Arab Brazil: Ternary Orientalism and the Question of South-South Comparison ⎻ Waïl S. Hassan, University of Illinois

This event has passed.

206 Ingraham Hall
@ 12:00 pm - 1:30 pm
Register here

Arabs have left a permanent imprint on Brazil: from the Moorish legacy of Muslim Iberia, transmitted by Portuguese settlers; to waves of Arab immigrants since the late nineteenth century; to the prominence today of Brazilians of Arab descent in politics, the economy, literature, and culture.

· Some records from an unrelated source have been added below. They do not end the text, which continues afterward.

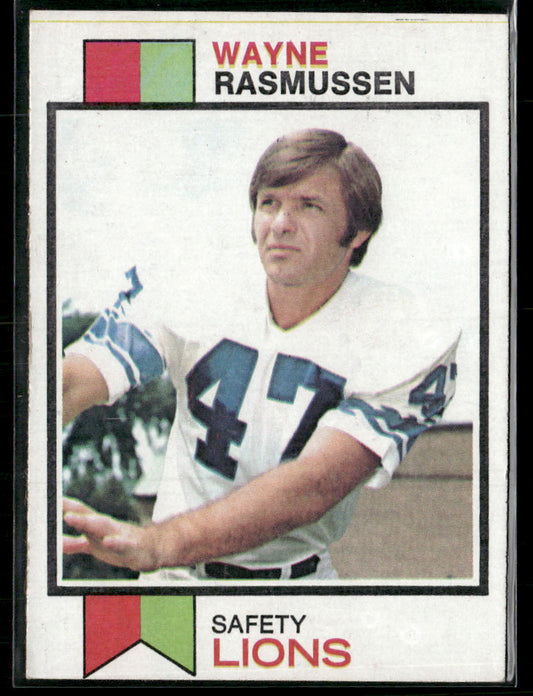 1973 Topps Wayne Rasmussen #306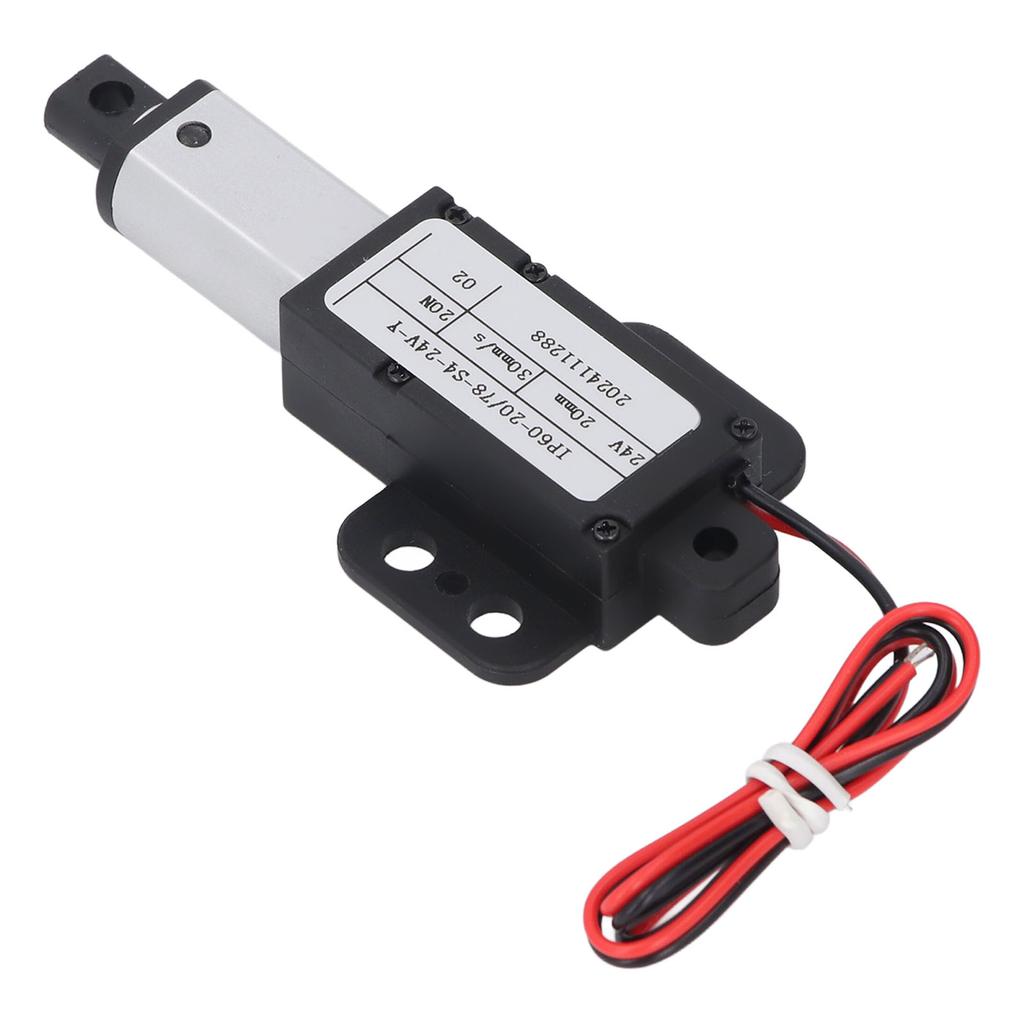 Mini elektrický lineární aktuátor 24V 20mm zdvih 20N 30mms Vodotěsný lineární aktuátor pro stroje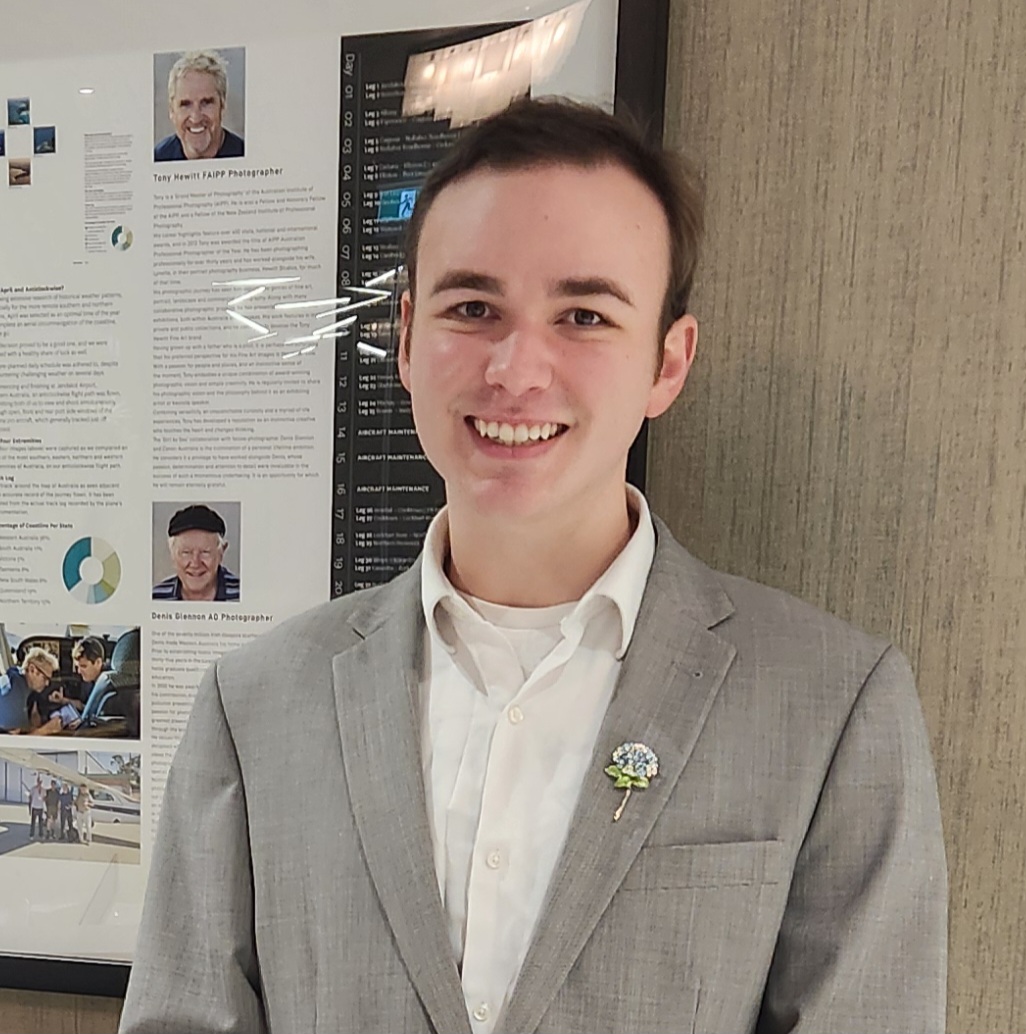 Nick Purnell at the Precinct concierge desk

Waïl S. Hassan will discuss how the Arab world works paradoxically as a site of otherness (different language, culture, and religion) and solidarity (with cultural, historical, demographic, and geopolitical ties). What explains this contradiction is a Brazilian variety of Orientalism, distinct from the British, French, and U.S. varieties analyzed by Edward Said, that problematizes the idealized image of Brazil as a country built on mistura (ethnic and racial mixing) and “cultural anthropophagy,” or the digestion and incorporation of diverse cultural influences.

Waïl S. Hassan is Professor of Comparative Literature at the University of Illinois Urbana-Champaign. His current research focuses on the Arabic novel and on Arab literary and cultural relations with the Americas.

This event is cosponsored by the Latin American, Caribbean and Iberian Studies Program.